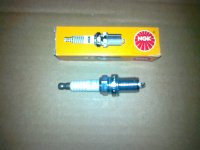 Свеча NGK BR6HS Свеча NGK BR6HS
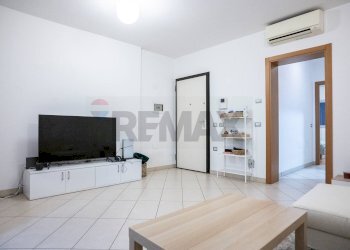Soggiorno - Two-room apartment VIA GONZAGA
 
14, Viadana - photo 7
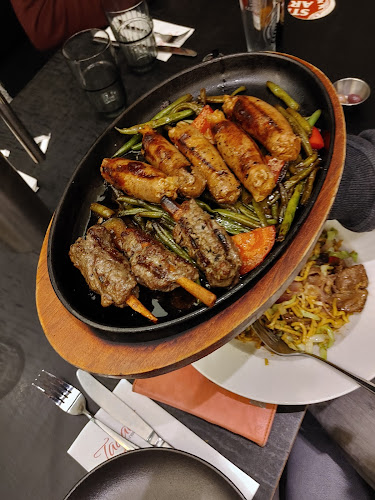 סטקיית אחים לוסקי - הסעדה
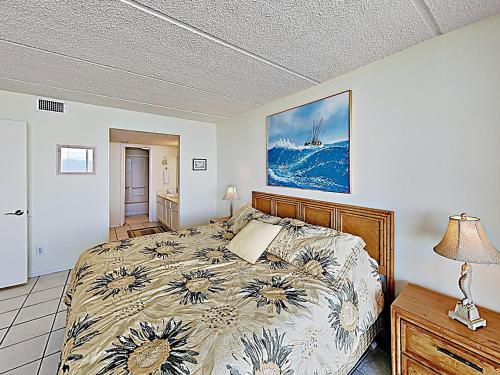 Apartamento New Listing! Stately Beachfront Condo With Gulf View Condo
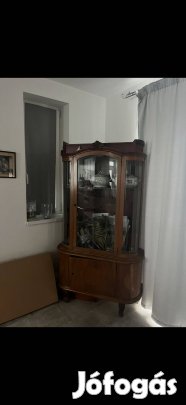 Antik üveges szekrény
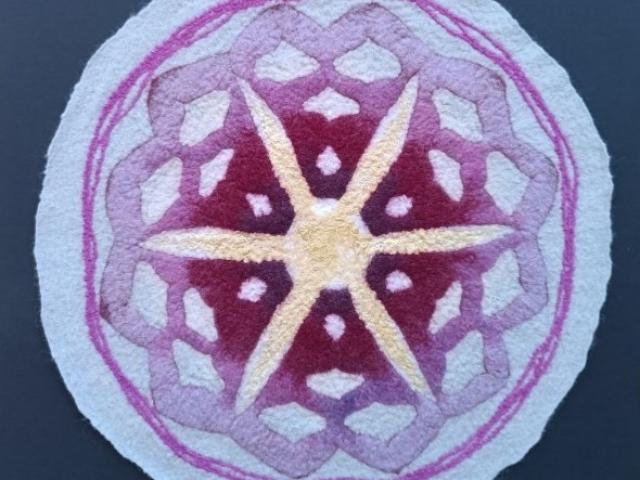 Mandala “Étoile du matin” – création artistique en laine feutrée et soie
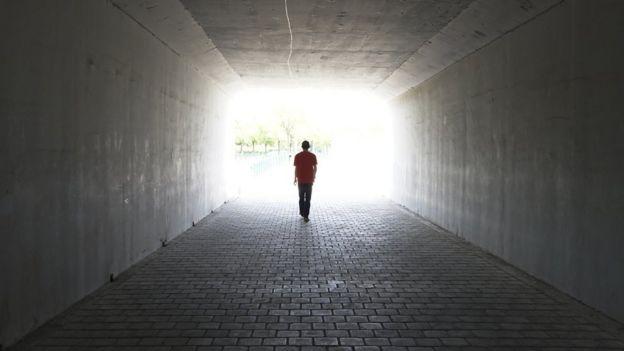 pessoa andando em túnel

=== ACTIVITY ===
Take every line of the material and copy it exactly, leaving out the pictures.

=== REPLY ===
 Свеча NGK BR6HS Свеча NGK BR6HS
Soggiorno - Two-room apartment VIA GONZAGA
 
14, Viadana - photo 7
 סטקיית אחים לוסקי - הסעדה
 Apartamento New Listing! Stately Beachfront Condo With Gulf View Condo
 Antik üveges szekrény
 Mandala “Étoile du matin” – création artistique en laine feutrée et soie
 pessoa andando em túnel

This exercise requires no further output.